In modern society suffering caused by war is still a reality. South Africa experienced this suffering during the Anglo-Boer War, also referred to as the South African War of 1899-1902. The outcome was bitterness, hatred, dispossession and division for many decades to come. More than a century later South Africans can look back at this event as a shared tragedy that shaped the social, political, economical and historical landscape of South Africa as we know it today.

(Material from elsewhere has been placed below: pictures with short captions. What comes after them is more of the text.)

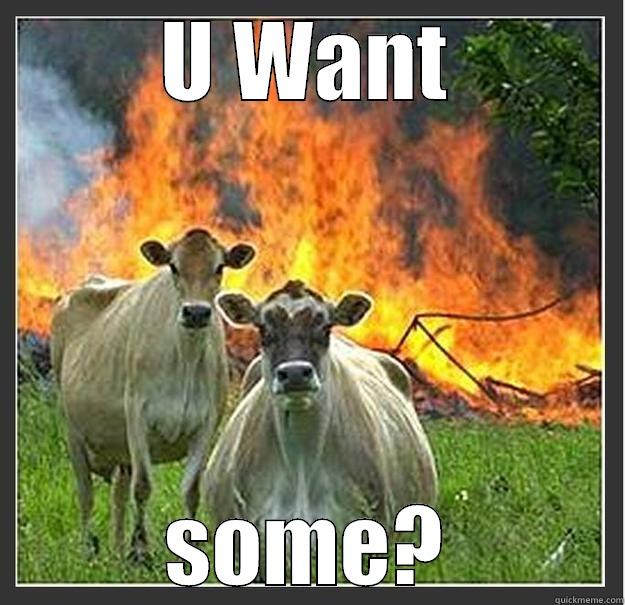 The Wealdstone cows - U WANT SOME? Evil cows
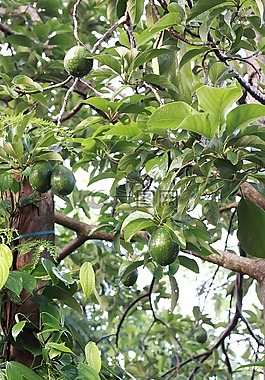 水果,樹(shù),綠色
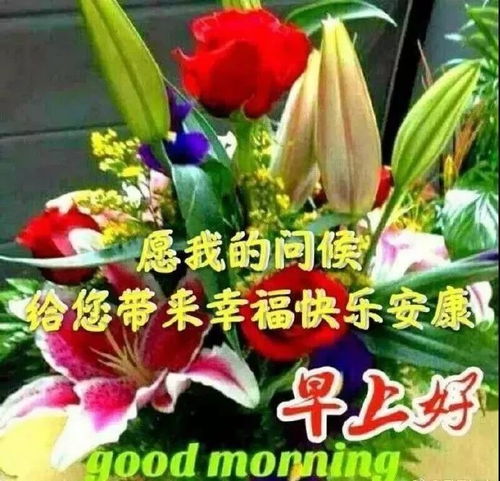  清晨问候早上好带鲜花动态图片带字,唯美早上好问候语表情图片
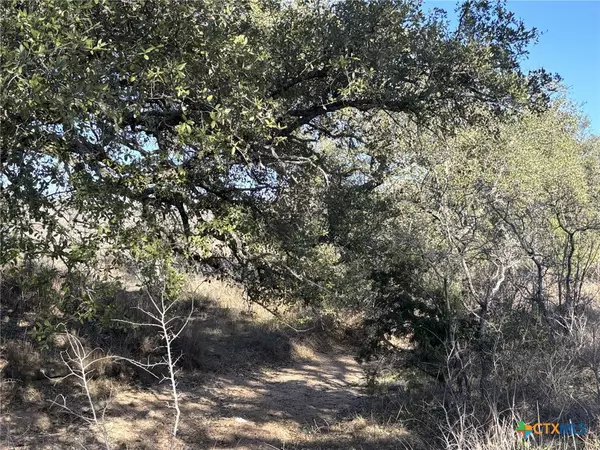 241 Lehne LOOP,  Buchanan Dam,  TX 78609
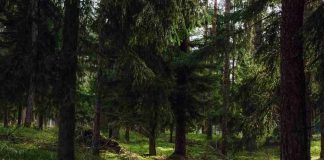 Sant’Omobono Terme morto travolto albero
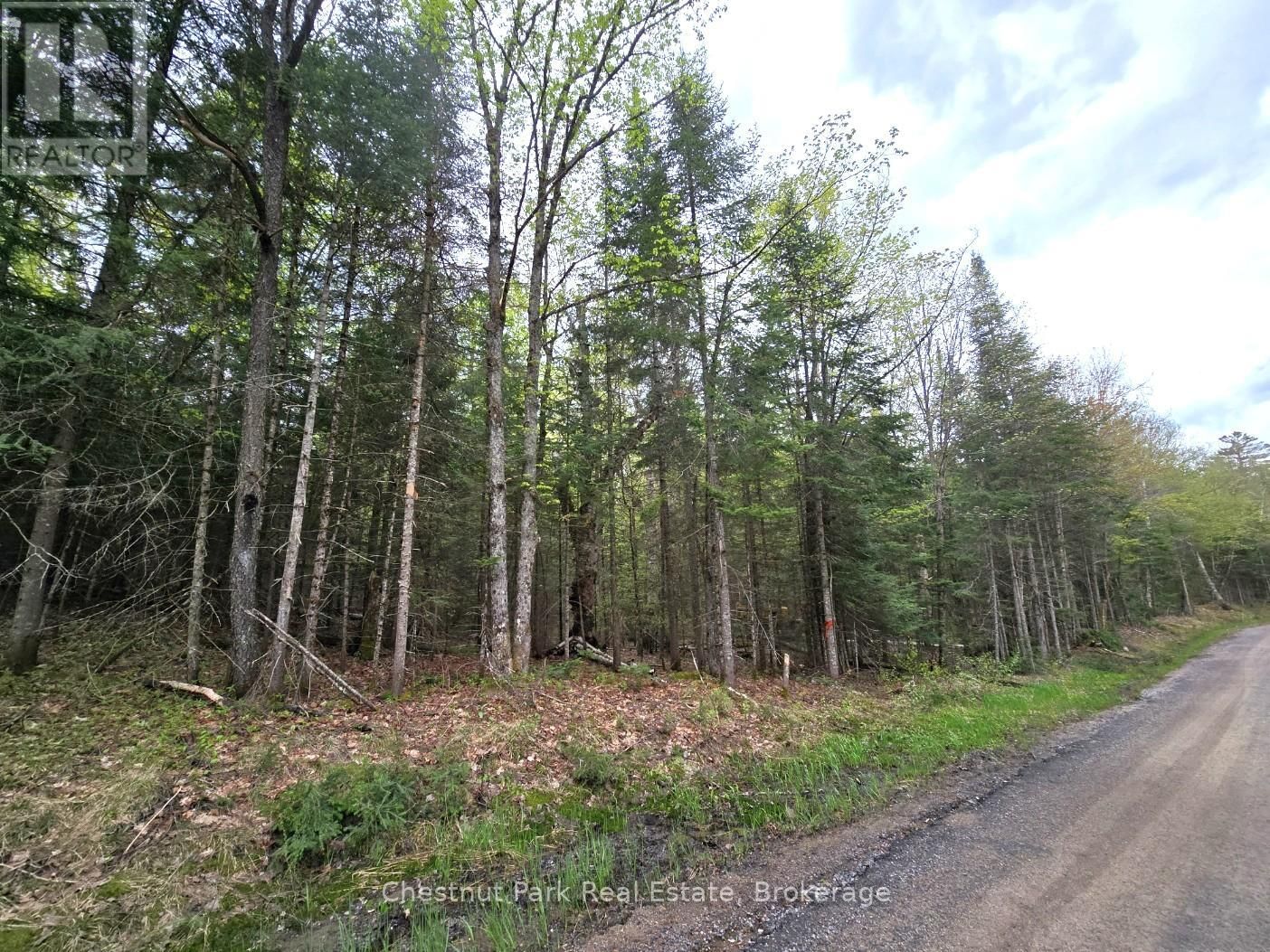 Part 6 ECHO RIDGE ROAD Image 2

In order to understand the history of South Africa, a visit to the War Museum is an absolute must. The War Museum not only provides the visitor with an insight into the course and development of the Anglo-Boer War through its unique collection and exhibitions, but it also brings the visitor closer to understanding the background against which the war took place and the universal suffering it caused.

To be an institution of excellence whereby the inclusivity and suffering of all communities during the Anglo-Boer War are depicted, thus propagating the message that negotiation is preferable to war.

To collect, curate and display items relating to the Anglo-Boer War of 1899-1902; research, publications and education on this theme and cooperation with other organisations, nationally and internationally, in order to develop this theme.

History of the Museum

After the unveiling of the National Women’s Memorial in 1913 the National Women’s Memorial Committee was of the opinion that a museum, solely dedicated to the preservation of the Anglo-Boer War history and objects should be established. The architect, Frans Soff, was commissioned to design the building. The corner stone of the War Museum was laid on 26 April 1930 by Senator W.J.C. Brebner, the only living member of the original National Women’s Memorial Committee. During this time various projects were launched in South Africa as well as abroad in the Netherlands and Germany to collect rare and interesting objects, books, documents, and photographs pertaining to the Anglo-Boer War, on behalf of the museum. On 30 September 1931 the War Museum was officially opened by General J.B.M. Hertzog.

In 1934 the Museum was transferred to the Union Government and placed under the management of the Council of Curators of the National Museum in Bloemfontein, governed by a War Museum Council. On 1 April 1953 the War Museum became an independent museum with a Council of its own. In the following decades to come the museum was expanded by adding new exhibition halls, an administration block and an auditorium.